Today we’ve had another delay with the machine itself, which as far as I know hasn’t made the news yet.  According to one of the status pages for LHC, there has been a magnet quench in LHC sector 34; at this moment, it reads, “Investigating quench in S34, more news as available.” A magnet quench is when the temperature of a magnet section goes too high for it to be superconducting; when that happens, the resistance goes higher, and the current going through the magnet heats it up rapidly.  This leads to further loss of superconductivity, and more heat, which could damage the (very thin) wires that ultimately make up the LHC electromagnets.  The solution, oddly enough, is to install heaters that can spread the energy of a quench more uniformly over a larger area; thus puts the magnets out of action for a number of hours but prevents damage to the accelerator.  Quenches are expected to happen pretty routinely, and to be dealt with without any permanent damage; you can learn more about them in this article from Symmetry.

You can see the effect of the quench on the sector 34 section of the LHC cooldown status page, and get additional details from this page on S34.  I have no inside information, and I’m no more of an accelerator expert than you are, so the details aren’t entirely clear to me; but it is pretty clear that around 11 AM today, the temperature in S34 went up by quite a bit, and it still isn’t recovered completely.  Past that, we don’t know yet what is going on; I expect that the accelerator experts will make more details available once they have a handle on the situation.

A problem with the accelerator is potentially more serious than a problem with a transformer.  Transformers are big and expensive, but compared with the LHC they are small potatoes and quick to replace.  Damage to the LHC magnets can be a more serious business, because replacing and repairing them involves heating a large portion of the accelerator up to room temperature, which can take months.  However, let me stress: I’m not worried.  I have absolutely no reason to believe that any maintenance is needed which would require warming the machine, and it’s far more likely that this is a minor glitch than a major one.  We still have a lot to do to prepare the detectors for data taking, and we are continuing to work.   Collisions will happen when they happen: probably not as soon as we hope, but soon enough in any case.

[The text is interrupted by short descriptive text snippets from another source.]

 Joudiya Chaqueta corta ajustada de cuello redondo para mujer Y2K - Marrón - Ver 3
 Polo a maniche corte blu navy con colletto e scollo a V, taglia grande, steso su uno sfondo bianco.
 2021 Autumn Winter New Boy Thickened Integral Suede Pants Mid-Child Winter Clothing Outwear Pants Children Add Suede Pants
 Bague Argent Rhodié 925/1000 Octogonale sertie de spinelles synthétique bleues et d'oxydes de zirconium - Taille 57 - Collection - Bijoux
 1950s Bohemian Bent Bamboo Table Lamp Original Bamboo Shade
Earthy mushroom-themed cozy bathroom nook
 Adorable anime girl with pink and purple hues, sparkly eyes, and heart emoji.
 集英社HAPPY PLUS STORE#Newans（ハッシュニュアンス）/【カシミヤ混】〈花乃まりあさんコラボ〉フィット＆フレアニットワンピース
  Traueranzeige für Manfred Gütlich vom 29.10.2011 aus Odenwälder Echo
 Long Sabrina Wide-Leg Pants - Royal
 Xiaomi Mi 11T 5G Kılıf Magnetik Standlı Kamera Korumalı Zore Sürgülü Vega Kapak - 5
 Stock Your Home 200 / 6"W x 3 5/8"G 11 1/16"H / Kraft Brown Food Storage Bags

Update:The CERN users’ page has a brief official statement:

During the commissioning of the final LHC sector (sector 3-4) for 5 TeV operation, an incident occurred at 12:05 today resulting in a large helium leak into the tunnel. Further details are not yet known. Investigations will continue over the weekend and more information will be made available as soon as possible.

That means the incident is more complicated than I realized when I was writing, and that there will certainly be a delay of a few days because of the incident.  Past that, I’d say we’re still waiting for information.

Update 2: The Times has an article about this.  It has an unidentified “CERN source,” vanishing logbook entries, and other intrigue–so it’s definitely worth a read if you’re into that sort of thing.

Update 3 (Sept 20): The BBC is now reporting that the magnets in sector 34 will have to be warmed for repairs, which will indeed take months.  I suspect this means that the work planned for the winter shutdown, in particular preparing for the full 7 TeV on 7 TeV collisions, will begin earlier than planned, as much as possible in parallel with the repairs.  Hopefully we’ll come online and go quickly to full energy a few months into 2009 — so in the long term, this may not end up being such a large delay in the physics program.  It’s obviously a short-term disappointment, though, and a lost opportunity to calibrate our detectors with physics data prior to the 2009 run.